Pattern matching
In awk, simple matching goes like this using the ~ operator. (all examples use myFile.txt)
Code: Select all
C:\> type myFile.txt
yearID,lgID,teamID,Half,divID,DivWin,Rank,G,W,L
1981,NL,ATL,1,W,N,4,54,25,29
1981,NL,ATL,2,W,N,5,52,25,27
1981,AL,BAL,1,E,N,2,54,31,23
1981,AL,BAL,2,E,N,4,51,28,23
1981,AL,BOS,1,E,N,5,56,30,26
1981,AL,BOS,2,E,N,2,52,29,23
1981,AL,CAL,1,W,N,4,60,31,29
1981,AL,CAL,2,W,N,6,50,20,30
1981,AL,CHA,1,W,N,3,53,31,22
1981,AL,CHA,2,W,N,6,53,23,30
1981,NL,CHN,1,E,N,6,52,15,37
1981,NL,CHN,2,E,N,5,51,23,28
1981,NL,CIN,1,W,N,2,56,35,21
1981,NL,CIN,2,W,N,2,52,31,21
1981,AL,CLE,1,E,N,6,50,26,24
1981,AL,CLE,2,E,N,5,53,26,27
1981,AL,DET,1,E,N,4,57,31,26
1981,AL,DET,2,E,N,2,52,29,23
1981,NL,HOU,1,W,N,3,57,28,29
1981,NL,HOU,2,W,N,1,53,33,20
1981,AL,KCA,1,W,N,5,50,20,30
1981,AL,KCA,2,W,N,1,53,30,23
1981,NL,LAN,1,W,N,1,57,36,21
1981,NL,LAN,2,W,N,4,53,27,26
1981,AL,MIN,1,W,N,7,56,17,39
1981,AL,MIN,2,W,N,4,53,24,29
C:\>awk "/divID/" myFile.txt
yearID,lgID,teamID,Half,divID,DivWin,Rank,G,W,L
The above says to find any lines that has the string "divID" . For pattern matching, the regex pattern to find is usually enclosed in / /.
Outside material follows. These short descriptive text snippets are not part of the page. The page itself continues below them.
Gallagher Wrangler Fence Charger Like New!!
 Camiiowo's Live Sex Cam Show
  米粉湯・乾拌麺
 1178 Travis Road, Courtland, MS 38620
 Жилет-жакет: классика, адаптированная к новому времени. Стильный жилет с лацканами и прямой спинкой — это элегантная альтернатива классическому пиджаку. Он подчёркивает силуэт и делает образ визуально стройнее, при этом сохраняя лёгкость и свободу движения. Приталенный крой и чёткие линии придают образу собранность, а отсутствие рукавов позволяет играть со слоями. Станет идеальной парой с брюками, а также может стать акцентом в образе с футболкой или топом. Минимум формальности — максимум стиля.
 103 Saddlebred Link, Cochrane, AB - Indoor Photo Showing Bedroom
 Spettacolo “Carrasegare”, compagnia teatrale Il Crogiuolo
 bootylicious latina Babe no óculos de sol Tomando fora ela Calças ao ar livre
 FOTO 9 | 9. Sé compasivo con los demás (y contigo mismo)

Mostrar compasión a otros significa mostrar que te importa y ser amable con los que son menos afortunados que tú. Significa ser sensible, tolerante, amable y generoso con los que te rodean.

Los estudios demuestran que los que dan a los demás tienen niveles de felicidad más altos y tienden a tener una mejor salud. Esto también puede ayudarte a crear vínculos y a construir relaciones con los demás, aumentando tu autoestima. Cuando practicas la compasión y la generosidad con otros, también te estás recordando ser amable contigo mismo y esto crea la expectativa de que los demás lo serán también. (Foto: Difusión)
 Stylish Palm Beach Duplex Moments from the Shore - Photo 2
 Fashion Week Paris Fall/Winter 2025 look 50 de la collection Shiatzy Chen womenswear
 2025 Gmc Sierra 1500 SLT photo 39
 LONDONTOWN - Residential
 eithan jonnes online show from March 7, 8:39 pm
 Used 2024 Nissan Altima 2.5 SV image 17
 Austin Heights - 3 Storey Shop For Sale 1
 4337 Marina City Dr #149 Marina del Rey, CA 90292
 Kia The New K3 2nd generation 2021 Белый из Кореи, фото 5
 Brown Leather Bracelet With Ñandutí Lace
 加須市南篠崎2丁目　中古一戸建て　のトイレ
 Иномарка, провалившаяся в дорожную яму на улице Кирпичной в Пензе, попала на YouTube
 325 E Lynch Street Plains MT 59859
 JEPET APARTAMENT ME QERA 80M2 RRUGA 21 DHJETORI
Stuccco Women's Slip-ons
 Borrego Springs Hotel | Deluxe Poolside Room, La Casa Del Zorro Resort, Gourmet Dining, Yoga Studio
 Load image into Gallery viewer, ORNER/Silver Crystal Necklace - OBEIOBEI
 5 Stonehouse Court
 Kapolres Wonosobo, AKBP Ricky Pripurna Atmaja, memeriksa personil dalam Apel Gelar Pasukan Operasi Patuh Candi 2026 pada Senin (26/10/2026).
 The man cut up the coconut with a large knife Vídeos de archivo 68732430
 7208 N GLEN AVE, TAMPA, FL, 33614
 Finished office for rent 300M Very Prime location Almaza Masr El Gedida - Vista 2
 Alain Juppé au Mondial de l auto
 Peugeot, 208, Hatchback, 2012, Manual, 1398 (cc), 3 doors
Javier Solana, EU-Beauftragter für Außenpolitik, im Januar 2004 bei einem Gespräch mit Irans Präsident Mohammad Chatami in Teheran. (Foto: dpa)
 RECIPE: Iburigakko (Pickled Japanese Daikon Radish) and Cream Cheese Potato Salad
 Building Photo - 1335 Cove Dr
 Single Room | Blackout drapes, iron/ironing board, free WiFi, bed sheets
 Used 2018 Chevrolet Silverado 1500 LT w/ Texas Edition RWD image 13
If you want case-insensitive search , use the IGNORECASE variable
Code: Select all
C:\>awk "BEGIN{IGNORECASE=1}/divid/" myFile.txt
yearID,lgID,teamID,Half,divID,DivWin,Rank,G,W,L
Setting IGNORECASE to 0 toggles it back to case-sensitive.
If you want to find all records with 2nd column starting with "A", then
Code: Select all
C:\>awk -F"," "$2 ~ /^A/ {print}" myFile.txt
1981,AL,BAL,1,E,N,2,54,31,23
1981,AL,BAL,2,E,N,4,51,28,23
1981,AL,BOS,1,E,N,5,56,30,26
1981,AL,BOS,2,E,N,2,52,29,23
1981,AL,CAL,1,W,N,4,60,31,29
1981,AL,CAL,2,W,N,6,50,20,30
1981,AL,CHA,1,W,N,3,53,31,22
1981,AL,CHA,2,W,N,6,53,23,30
1981,AL,CLE,1,E,N,6,50,26,24
1981,AL,CLE,2,E,N,5,53,26,27
1981,AL,DET,1,E,N,4,57,31,26
1981,AL,DET,2,E,N,2,52,29,23
1981,AL,KCA,1,W,N,5,50,20,30
1981,AL,KCA,2,W,N,1,53,30,23
1981,AL,MIN,1,W,N,7,56,17,39
1981,AL,MIN,2,W,N,4,53,24,29
First, give the -F"," option because the file is "," delimited. Then use $2 because its the 2nd column. Then using the regex /^A/. "^" means "starts with". After that "{print}" action will print the relevant records.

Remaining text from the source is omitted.